Do you ever wish that God didn't trust you so much?

I used to sing a song called "I Could Runaway," and as I was sitting in my room alone, crying myself to some sort of a nap, I couldn't help but sing this song once again.

I could runaway, You will never leave, You will always stay, right by my side.  Everything I ever wanted I found in You; and I need You, every step of the way.
Forgive me for being a little negative, but I feel like I'm losing my ground.  And sometimes I think, "What's the point?"  WIll you pray for me that I will continue on this journey.  If I let you down, if I break your heart, if I don't meet expectations, I'm sorry.  But remember...don't hold me on a pedestal.  I'm only human.

G

Thursday, May 27, 2010

This Brokenness Inside Me Might Start Healing...


It's crazy how in one second your life can change.  Whether it be a move of stepping forward, a move of stepping backwards, or sometimes just steps back and forth.  Often it can be the most random step, and you ask yourself, "What was I thinking?!"

I feel like I've been doing a sort of waltz in my life the last couple of months; doing things which I normally never would, and not in a good way.  Is this a part of growing up?  Because if it is I wish it hurt less.

Our lives are defined by our actions, and in my own life I have been pretty predictable.  But as of late, I feel like I've been a little lost.  An amazing friend of mine just told me to stop putting everything on my shoulders and to start putting things in the light.  Heck, if we put things in light from the very beginning, things wouldn't be drawn out and even made into a bigger deal.  But our flesh, our confusion and mostly our pride cause us to hide things which may cause others to feel different about us.  No one wants their reputation dragged through the mud, no one wants their lives to be yelled from rooftops.  But unfortunately it has to happen.  And you get to that place where you wis you could've gone back to the predictable person that is YOU.  

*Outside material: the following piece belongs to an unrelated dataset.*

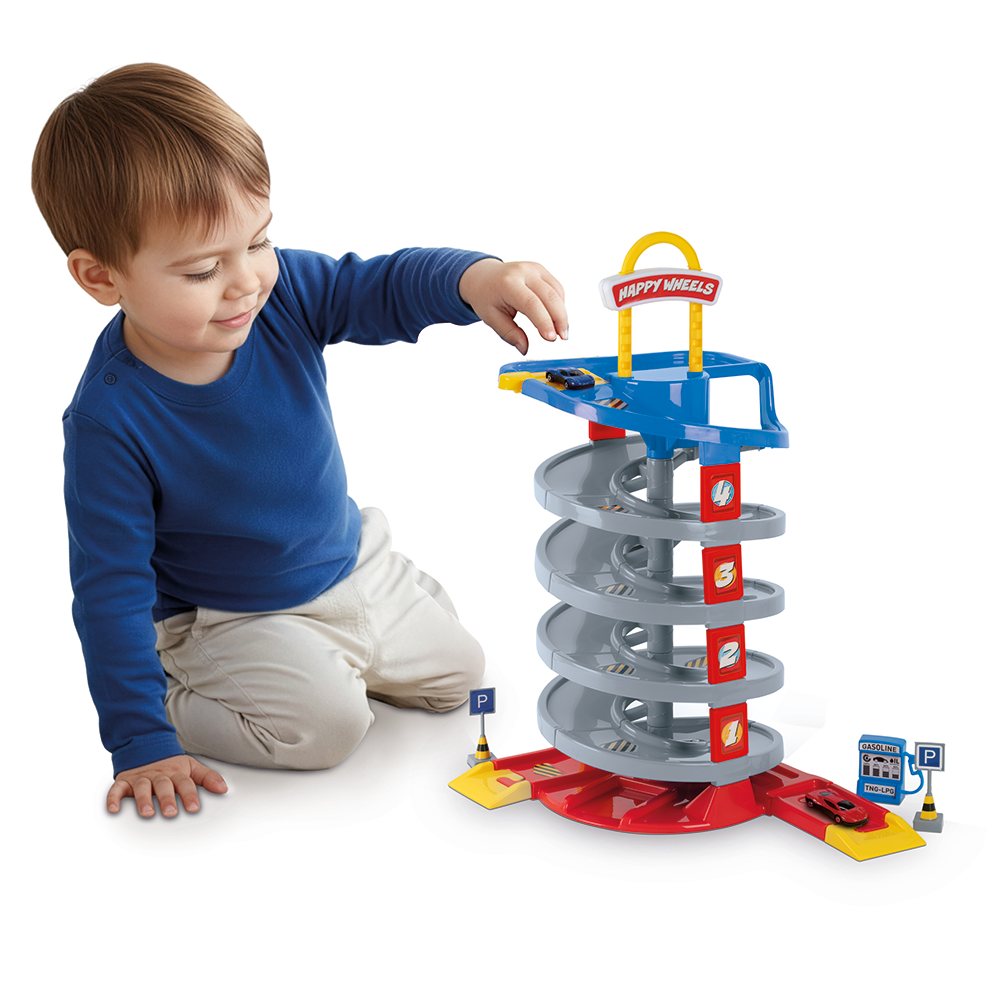 SET CIRCUIT CU MASINUTE ( 38 PIESE) - DOLU (D5227)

I pray if this has happened to you, that you would allow God to heal you.  That your sins, lies, hopes, dreams would not be hidden because you are scared of what others might think.  Yes, we are called to live a life set apart; unfortunately we ourselves fall down.  It may happen continually, or this could be the first time.  Whether it's your first of many, or your first and your very last; I pray that God will rescue you.

Our brokenness can only be healed and restored once circumstances have light shed upon then.  So I challenge you, as I have been challenged, to give it over to God.  He won't let you go, I PROMISE!